▸ Data for this exercise:
══════════════════════════════
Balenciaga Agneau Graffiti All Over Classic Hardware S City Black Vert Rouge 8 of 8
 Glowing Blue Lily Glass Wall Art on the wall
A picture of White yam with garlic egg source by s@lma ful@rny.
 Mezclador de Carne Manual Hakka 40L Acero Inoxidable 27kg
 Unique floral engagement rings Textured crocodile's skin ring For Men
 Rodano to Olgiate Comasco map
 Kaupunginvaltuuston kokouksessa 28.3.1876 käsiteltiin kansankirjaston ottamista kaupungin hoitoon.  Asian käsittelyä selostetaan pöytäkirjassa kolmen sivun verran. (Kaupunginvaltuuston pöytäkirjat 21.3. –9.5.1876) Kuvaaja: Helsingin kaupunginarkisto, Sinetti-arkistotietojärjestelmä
══════════════════════════════
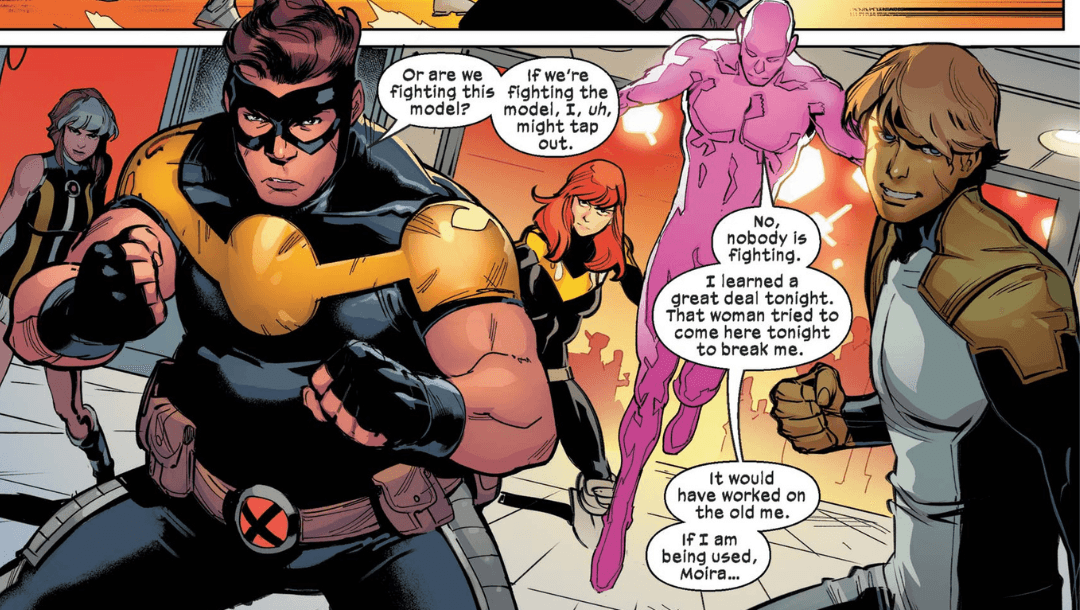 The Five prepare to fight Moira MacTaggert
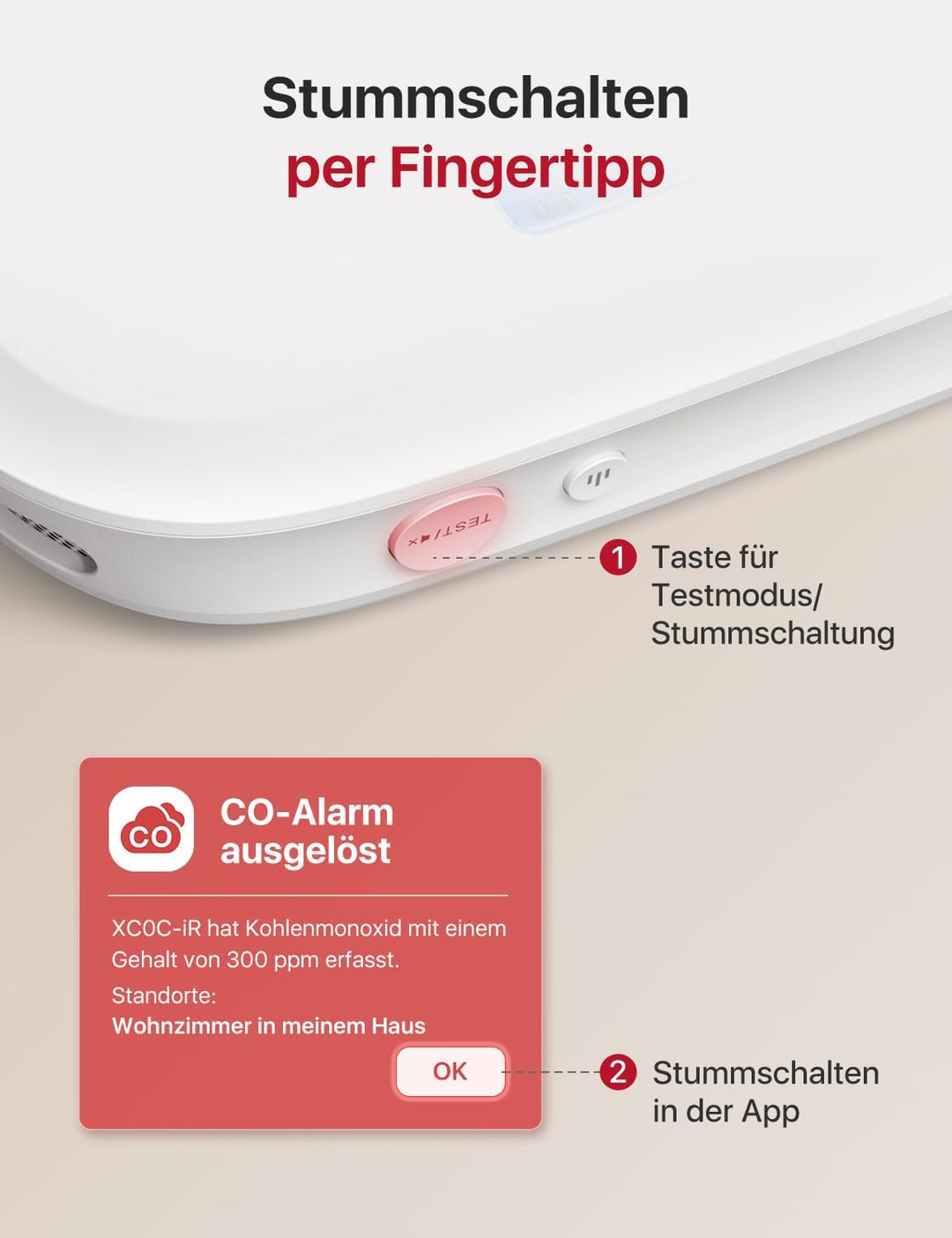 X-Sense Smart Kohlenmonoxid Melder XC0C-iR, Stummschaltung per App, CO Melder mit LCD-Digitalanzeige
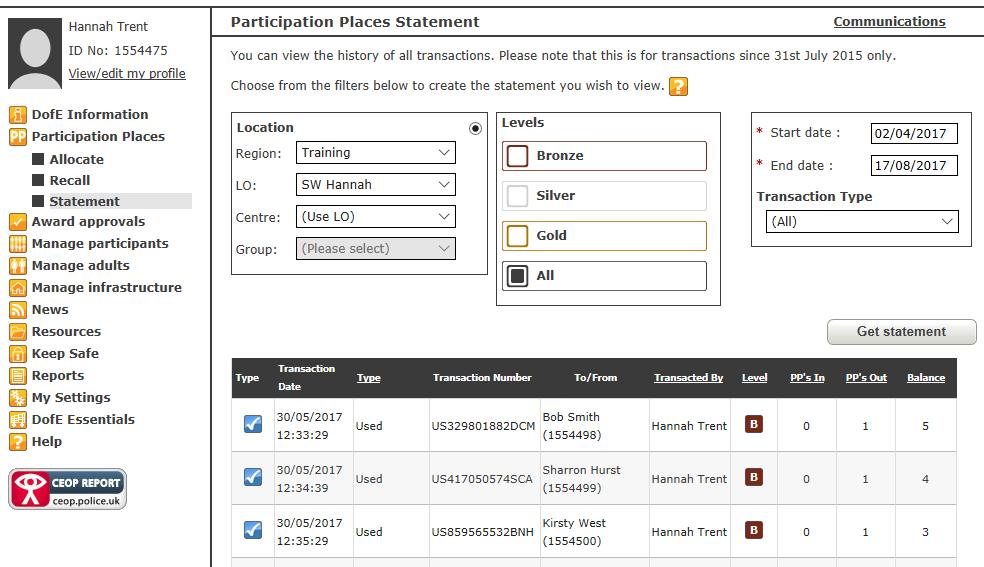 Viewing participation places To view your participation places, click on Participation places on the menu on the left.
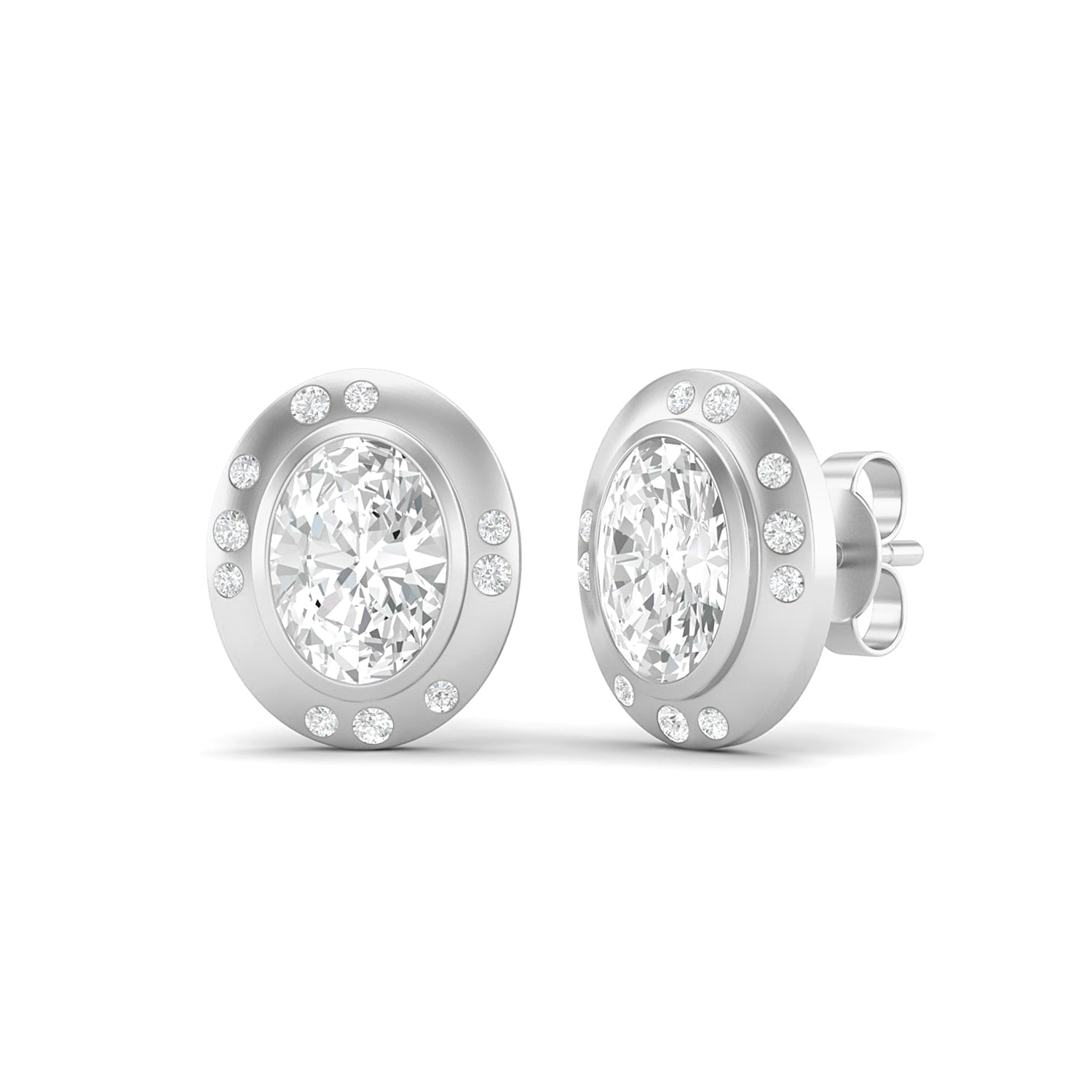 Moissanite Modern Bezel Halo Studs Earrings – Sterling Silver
══════════════════════════════
▸ Exercise aim:
Copy out the range of lines above starting at the line with "Balenciaga Agneau Graffiti" and ending at the line with "Rodano to Olgiate Comasco map", exactly and including both.

▸ Response area:
Balenciaga Agneau Graffiti All Over Classic Hardware S City Black Vert Rouge 8 of 8
 Glowing Blue Lily Glass Wall Art on the wall
A picture of White yam with garlic egg source by s@lma ful@rny.
 Mezclador de Carne Manual Hakka 40L Acero Inoxidable 27kg
 Unique floral engagement rings Textured crocodile's skin ring For Men
 Rodano to Olgiate Comasco map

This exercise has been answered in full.